▶ **Short descriptive text snippets**:
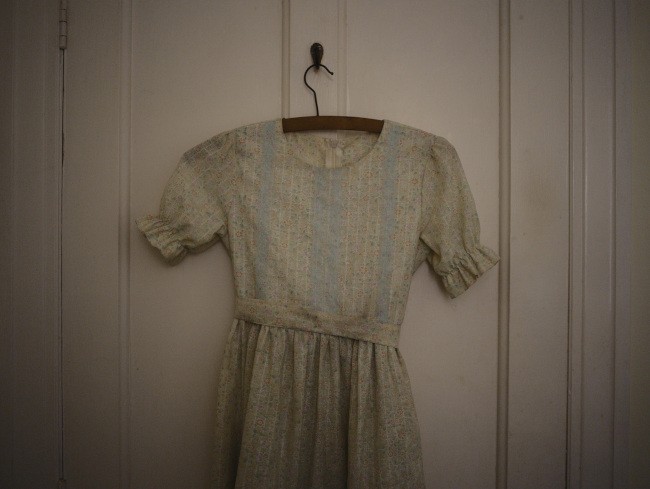 the quiet girl ropa nina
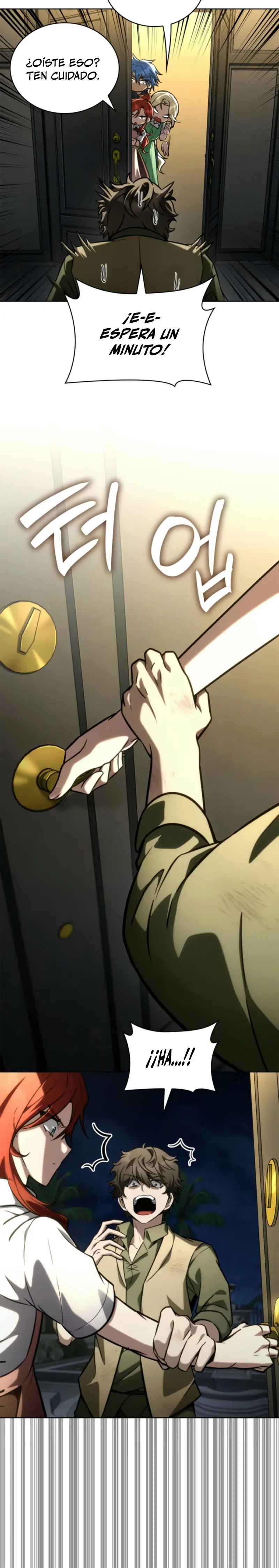 Read Infinite Mage ES Manga Online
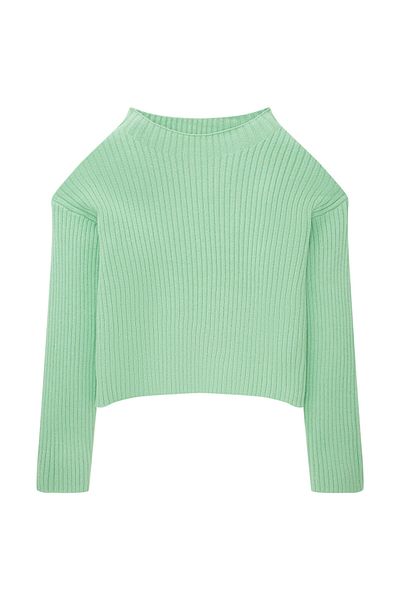 Tom Tailor Girl Sweater 1035171 Green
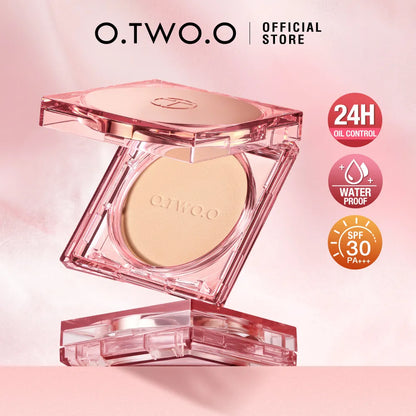 O.TWO.O Waterproof Compact Powder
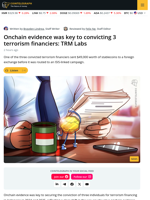 Indonesian Authorities Used Crypto Data to Convict Criminals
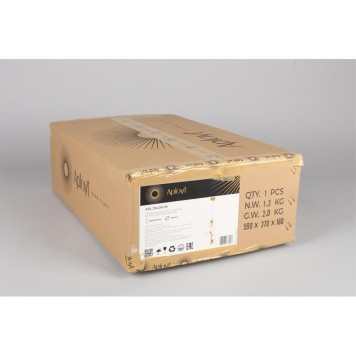 Люстра Aployt Letizia APL.314.06.06-10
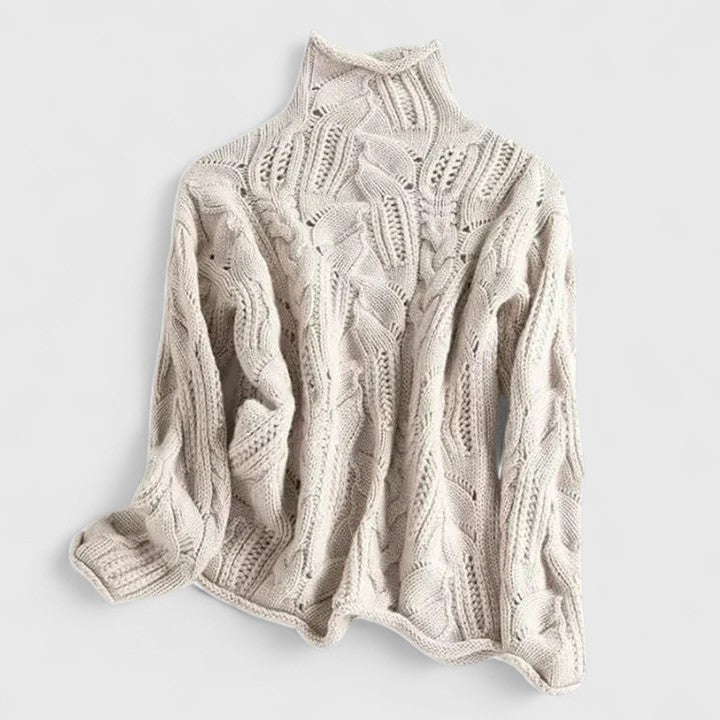 Zendrielle | Eleganter Pullover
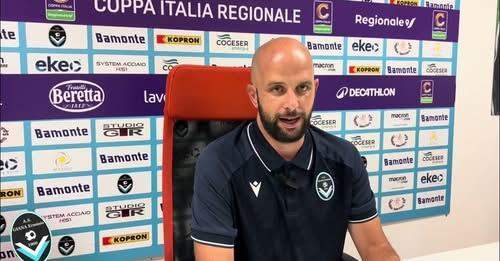 Giana Erminio, Parma: "Dedichiamo il passaggio del turno al mister"
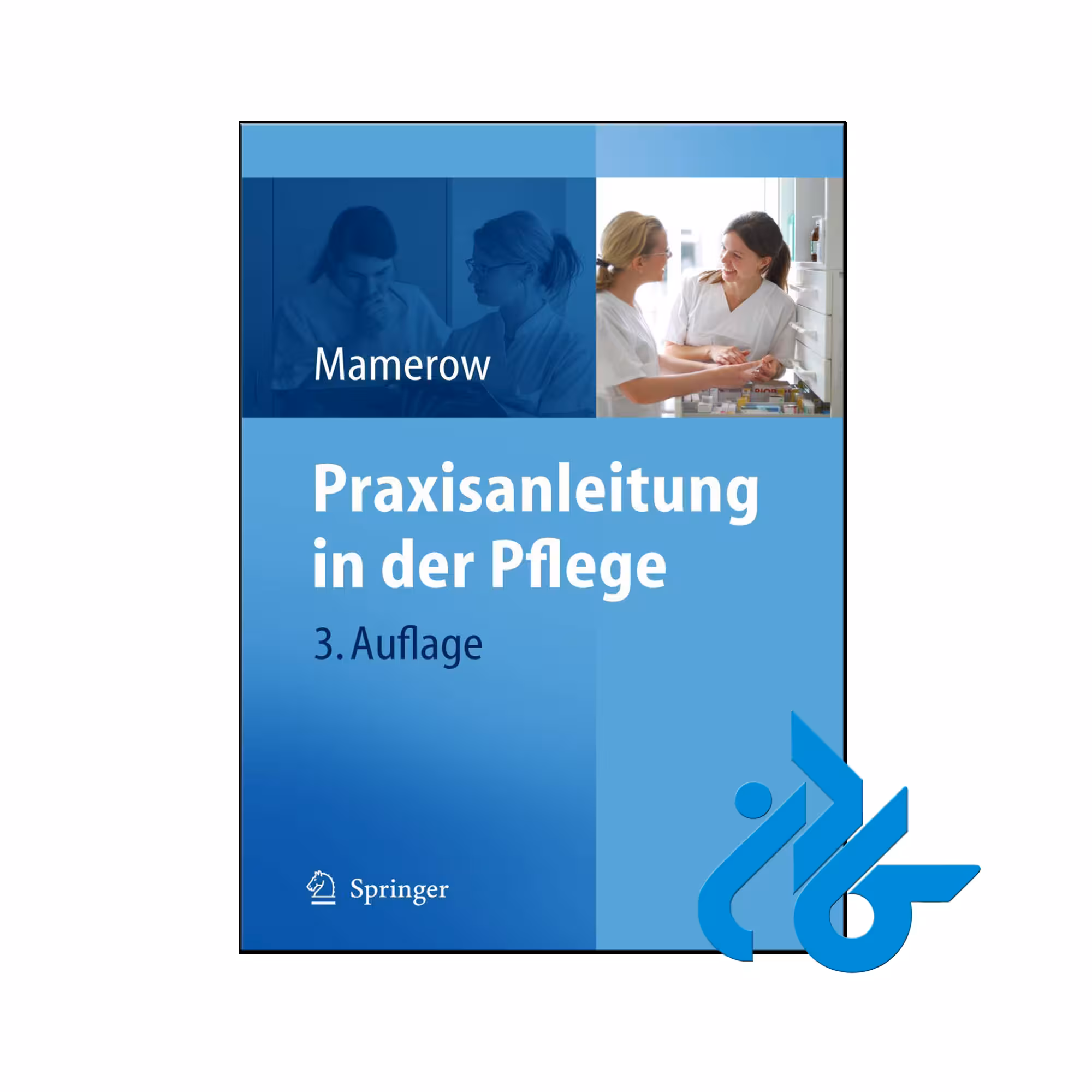 خرید و قیمت کتاب Praxisanleitung in der Pflege از فروشگاه کادن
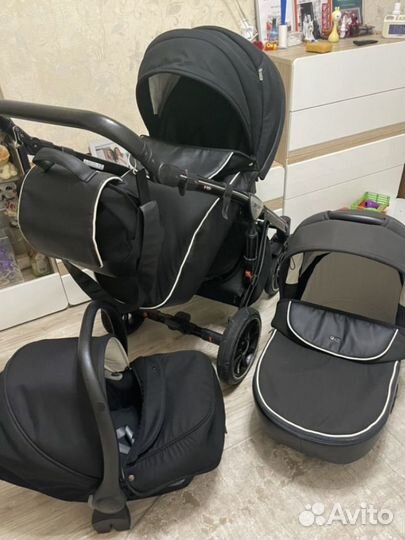 Коляска anex sport 3 в 1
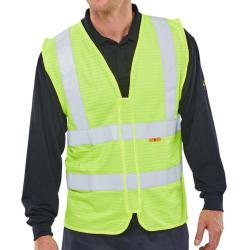 Beeswift Fire Retardant Waistcoats and Vests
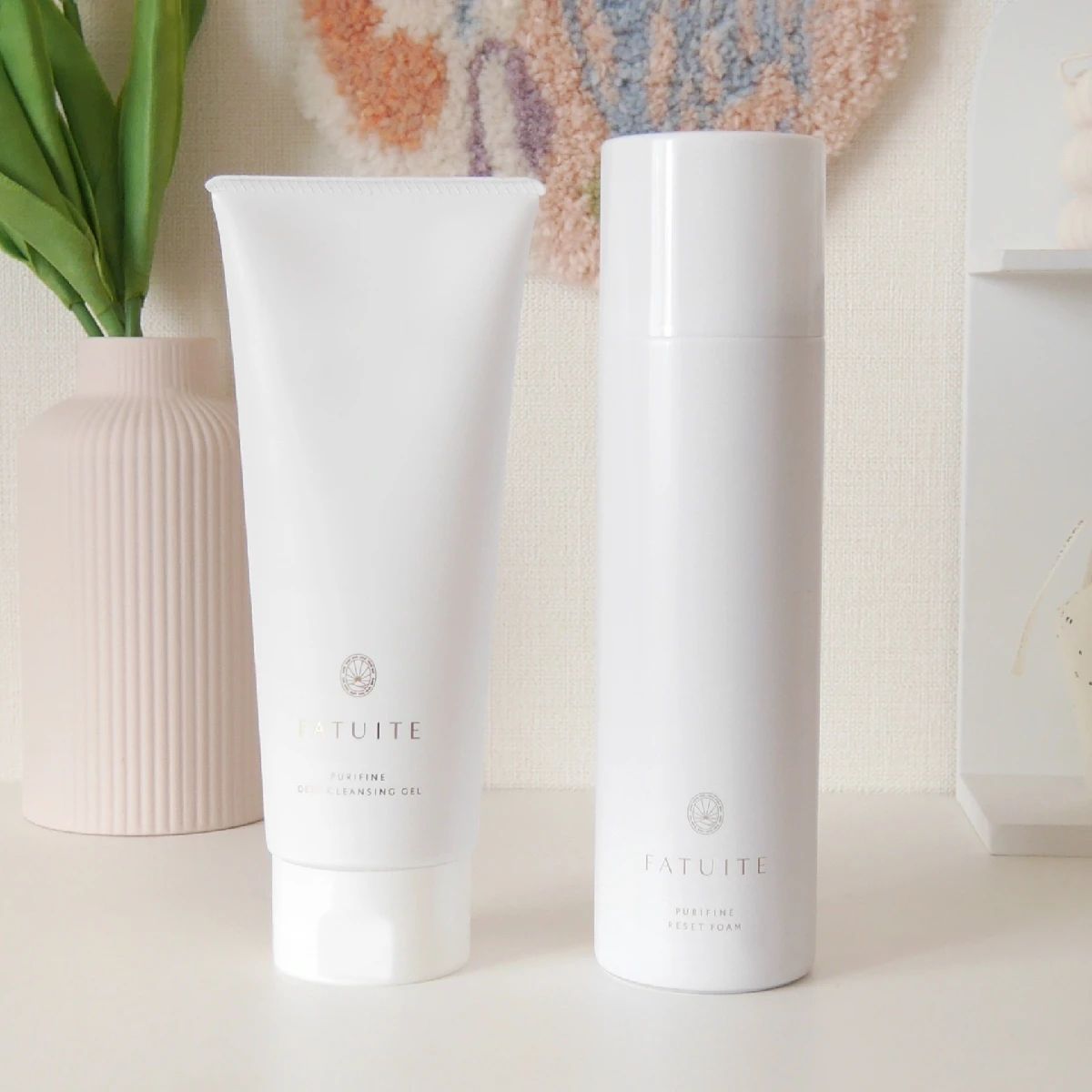 ファチュイテ ピュリファインリセットフォーム FATUITE（ファチュイテ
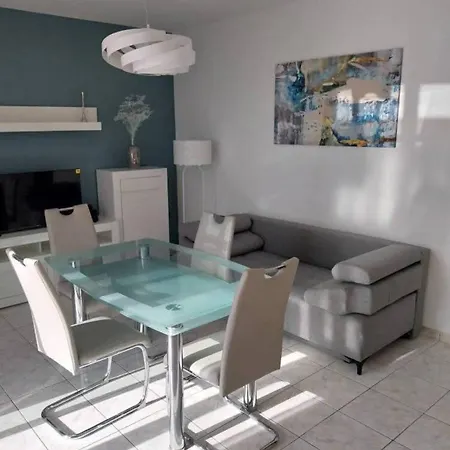 Appartement Lavander *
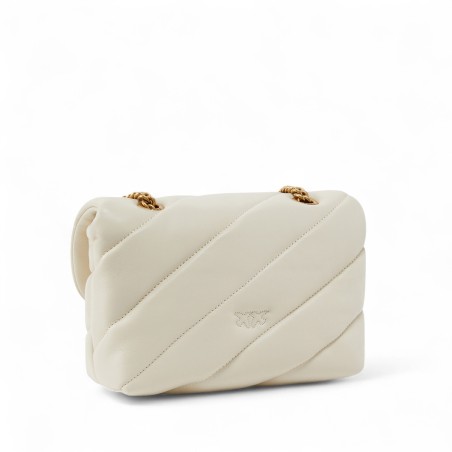PINKO - Mini Love Bag Puff Maxi Quilt Umhängetasche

▶ **To do**: Word for word, give again the lines from the line with "خرید و قیمت" through the end of the records above, with both ends included and the pictures left out.

▶ **The completed task**:
 خرید و قیمت کتاب Praxisanleitung in der Pflege از فروشگاه کادن
 Коляска anex sport 3 в 1
 Beeswift Fire Retardant Waistcoats and Vests
 ファチュイテ ピュリファインリセットフォーム FATUITE（ファチュイテ
 Appartement Lavander *
PINKO - Mini Love Bag Puff Maxi Quilt Umhängetasche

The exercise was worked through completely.